Para el autor que hoy despedimos con tristeza, la memoria no fue únicamente el lugar del cual partir para su escritura, sino el motivo mismo para la creación literaria.  En los volúmenes que conforman su Memoria y que van desde El arte de la fuga (1996), hasta Una autobiografìa soterrada (2010) se concentran los intereses de un escritor que supo que pasado y presente son el timón de la ruta vital de los hombres. El futuro sólo es fuente de angustia, mientras que la energía creadora nace de eso que nos marcó y que hoy padecemos, y en menor medida, también disfrutamos.

Varsovia, Roma, Londres, Praga y Barcelona, además de Venecia, son algunas de las ciudades que Pitol habitó y en las que los encuentros con sus autores y tradiciones artísticas le permitieron enriquecer su narrativa. Pitol entendió la literatura como un lugar, como el voluntarioso espacio para ser. En alguno de sus históricos regresos a la Ciudad de México acudió al taller de dramaturgia de Luisa Josefina Hernández, pensando que podría escribir teatro. En cada ejercicio dramático Pitol terminaba con un cuento cuya prosa daba lugar a las voces de los personajes, pero cuyos diálogos estaban muy lejos de las formas dramáticas de entonces.
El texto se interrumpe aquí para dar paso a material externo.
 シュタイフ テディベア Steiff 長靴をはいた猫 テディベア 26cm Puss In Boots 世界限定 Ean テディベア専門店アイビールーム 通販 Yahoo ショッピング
Además de confirmar que la narrativa era el mejor traje de su literatura, Pitol comprobó, mientras experimentaba con Antígonas y Edipos, que su genealogía sería un venero principal para su escritura. Su historia personal, hecha de pérdidas y duelos muy tempranos, tuvo su origen en Huatusco y allá en Veracruz fue donde encontró el paisaje más excepcional para establecerse. Xalapa, la riqueza y diversidad de sus verdes, sus calles y su Universidad, fueron la casa elegida por un autor que siempre consideró a la Ciudad de México tenazmente complicada y ajena.

Para Juan Villoro la prosa de Pitol “a primera vista parece un manto de agua, una superficie inmóvil que no conoce los saltos del diálogo a los cortes de la acción. Sin embargo, la lectura depara una sorpresa esencial: las corrientes de ese mar son submarinas y se desplazan caudalosamente en los cambios temporales y en las extensas frases que parecen tender un cerco que reduce su diámetro a medida que el relato avanza.”

Es notable el celo con el que Pitol ordenó  en su cabeza pasajes de Bajtín, Tabucchi, Thomas Mann, Pérez Galdós, Chéjov, Jaroslav Hasek, Witold Gombrowicz, Borges, Alfonso Reyes o Gabriel Vargas; más notable aún, la extraordinaria capacidad que tuvo para tejerlos con la que fue su vida para compartir en su escritura hondas reflexiones. Pitol, viajero incansable, logró, entre confesiones, evocaciones y añoranzas, descubrir nuevos mundos, imaginar.